ML Series: A Look At Gradient Boosted Trees

In a traditional random forest, there is parallel learning. In the below, we can see that each model samples data from the overall dataset and produces a model from it. It does this in parallel and independently – no model has any influence on any other model.

Gradient boosting seeks to improve on a weak learner (in this case a decision tree) by taking the residuals (errors) from the first model and feeding them into model 2. The below from Quora shows this in action.

The first graph shows the original dataset. The second graph shows the line that was fitted with model 1.

Now, when we input ONLY the errors into model 2, we get a very different line which captures those mis-predicted datapoints well.

We then input the errors from model 2 into model 3. Model three looks at the combined output of model 1 and model 2. It then takes those errors and fits its own line to them.

The addition of subsequent models does not impact/change the original. But, when it comes to making a decision at the end, we ensure that the data is accurately captured by at least one tree.

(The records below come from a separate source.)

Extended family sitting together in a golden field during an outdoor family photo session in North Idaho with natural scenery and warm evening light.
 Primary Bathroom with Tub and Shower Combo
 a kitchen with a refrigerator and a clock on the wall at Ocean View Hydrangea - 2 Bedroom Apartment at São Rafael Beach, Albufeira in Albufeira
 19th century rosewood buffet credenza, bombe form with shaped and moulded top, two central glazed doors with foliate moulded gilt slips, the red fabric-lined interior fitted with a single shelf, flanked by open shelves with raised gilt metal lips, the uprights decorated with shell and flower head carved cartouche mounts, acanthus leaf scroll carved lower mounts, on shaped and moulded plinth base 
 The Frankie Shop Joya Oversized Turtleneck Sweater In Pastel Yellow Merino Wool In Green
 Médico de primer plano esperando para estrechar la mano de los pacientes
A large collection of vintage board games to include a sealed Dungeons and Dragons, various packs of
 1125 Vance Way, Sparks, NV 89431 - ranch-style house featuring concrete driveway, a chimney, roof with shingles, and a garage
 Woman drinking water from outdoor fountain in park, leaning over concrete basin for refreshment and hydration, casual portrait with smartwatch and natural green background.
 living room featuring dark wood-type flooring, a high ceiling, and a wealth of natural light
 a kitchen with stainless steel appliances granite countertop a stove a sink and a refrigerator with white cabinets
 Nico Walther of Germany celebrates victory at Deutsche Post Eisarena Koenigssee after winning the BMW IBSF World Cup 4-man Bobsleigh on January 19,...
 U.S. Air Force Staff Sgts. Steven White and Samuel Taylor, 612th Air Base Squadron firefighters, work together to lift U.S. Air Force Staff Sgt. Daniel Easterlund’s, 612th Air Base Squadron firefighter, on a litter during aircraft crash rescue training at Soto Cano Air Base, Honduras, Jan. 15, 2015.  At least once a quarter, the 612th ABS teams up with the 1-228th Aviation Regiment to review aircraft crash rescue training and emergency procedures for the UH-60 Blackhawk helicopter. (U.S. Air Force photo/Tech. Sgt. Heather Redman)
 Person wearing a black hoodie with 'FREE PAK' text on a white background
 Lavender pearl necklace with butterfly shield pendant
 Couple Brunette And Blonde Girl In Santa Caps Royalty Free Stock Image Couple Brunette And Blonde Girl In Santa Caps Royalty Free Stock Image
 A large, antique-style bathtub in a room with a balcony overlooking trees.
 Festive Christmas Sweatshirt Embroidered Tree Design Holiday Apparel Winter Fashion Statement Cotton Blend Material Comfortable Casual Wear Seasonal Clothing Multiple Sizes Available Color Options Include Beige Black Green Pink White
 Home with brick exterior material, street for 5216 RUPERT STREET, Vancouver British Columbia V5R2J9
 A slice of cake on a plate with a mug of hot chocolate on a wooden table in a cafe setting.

Each subsequent model is built to accurately predict the cases that the previous model performed poorly on (i.e. those cases which were poorly predicted).  Each successive model attempts to correct the COMBINED shortcomings of the previous models.

Note: the more trees we have, the more accurate our model is with a standard random forest. This is not the case with gradient boosted trees. If you reach a point of excessive tree counts, you will risk overfitting.